BEIJING --- China on Tuesday reiterated its opposition to the multilateralization of the Intermediate-Range Nuclear Forces (INF) Treaty, saying the United States should further slash its nuclear stockpiles in accordance with existing treaties rather than shift duties to other countries.
According to media reports, Japanese Foreign Minister Taro Kono on Monday urged a new structure including the United States, Russia, China, Britain and France in case of INF Treaty expiration, saying countries outside the treaty are still expanding armaments.
The INF Treaty is a missile pact signed by Washington and Moscow at the end of 1987 to curb the arms race.
"China is concerned with and opposes the possible abandonment of the treaty as a result of U.S. unilateral withdrawal," Foreign Ministry spokesperson Hua Chunying said, urging the United States and Russia to settle divergences via dialogue and try their best to preserve the pact.

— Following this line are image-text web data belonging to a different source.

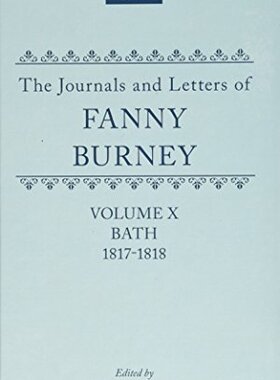 【预订】The Journals and Letters of Fanny Burney (Madame d’Arblay): Volumes IX and X: Bath 1815-1817 and 1817-1818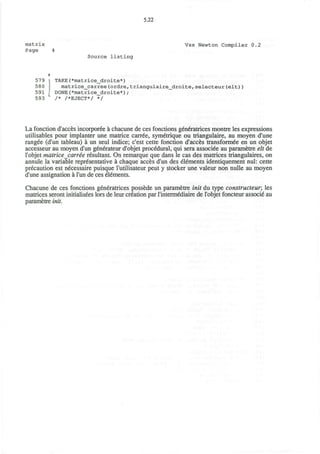 matrix
Page
5.22
Vax Newton Compiler 0.2
Source listing
579 | TAKE(*matrice_droite*)
580 | matrice_carree(ordre,triangulaire_droite,selecteur(elt))
591 1 DONE(*matrice_droite*);
593 ' /* /*EJECT*/ */
La fonction d'acces incorporee a chacune de ces fonctions generatrices montre les expressions
utilisables pour implanter une matrice carree, symetrique ou triangulaire, au moyen d'une
rangee (d'un tableau) a un seul indice; c'est cette fonction d'acces transformee en un objet
accesseur au moyen d'un generateur d'objet procedural, qui sera associee au parametre elt de
l'objet matrice carree resultant. On remarque que dans le cas des matrices triangulaires, on
annule la variable representative a chaque acces d'un des elements identiquement nul: cette
precaution est necessaire puisque I'utilisateur peut y stocker une valeur non nulle au moyen
d'une assignation a l'un de ces elements.
Chacune de ces fonctions generatrices possede un parametre init du type constructeur; les
matrices seront initialisees lors de leur creation par 1'intermediaire de l'objet foncteur associe au
parametre init.
 
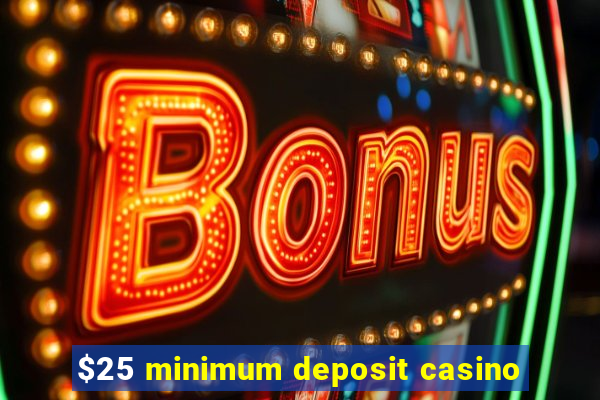 $25 minimum deposit casino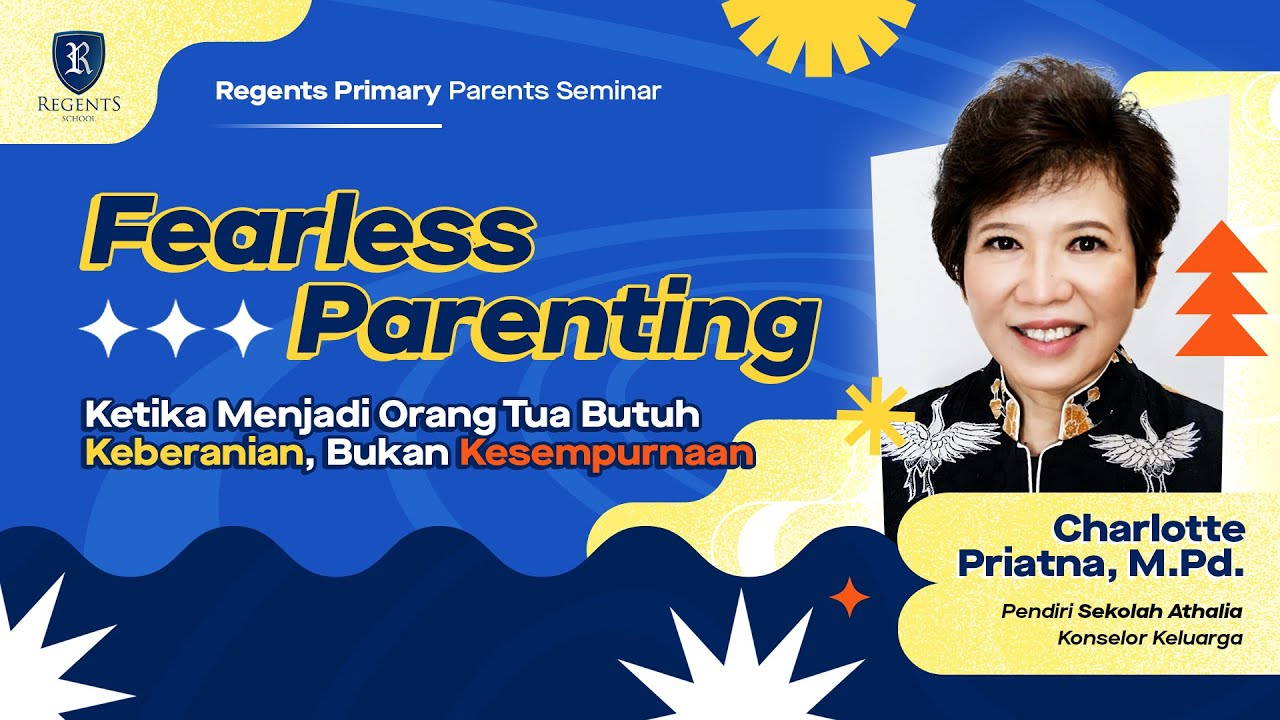 Regents Primary Parent Seminar -  Charlotte Priatna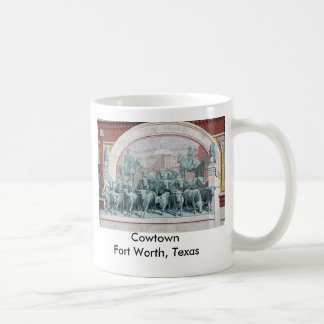 Cowtown Fort Worth, Texas Coffee Mug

"China will in no way agree to making the INF Treaty multilateral," Hua told a press briefing, adding the multilateralization of the treaty, which is bilateral in nature, involves political, military, legal and a series of other complex issues.
The so-called "new structure" put forward by Kono cannot help save the treaty, but rather serves in essence as an excuse for U.S. unilateral withdrawal from the treaty, the spokesperson said.
"The national defense policies China follows are defensive in nature," Hua said, adding China's development of intermediate-range missiles is purely for defensive purposes, which is not intended to and will not pose a threat to any other country. "The true purpose of the United States pulling out of the treaty is to avoid its bounden duties."
As for U.S. Secretary of State Mike Pompeo's proposal on Monday to include China in strategic dialogues between the United States and Russia as well as relevant treaties, Hua called it a disguised form of "duty shifting."
"China champions a comprehensive ban on and thorough destruction of nuclear weapons, but nuclear disarmament should adhere to the internationally recognized principle of 'undiminished security for all' concerning arms control," she said.
The United States, as the largest nuclear state in the world, is burdened with special and primary responsibilities in nuclear disarmament, Hua added.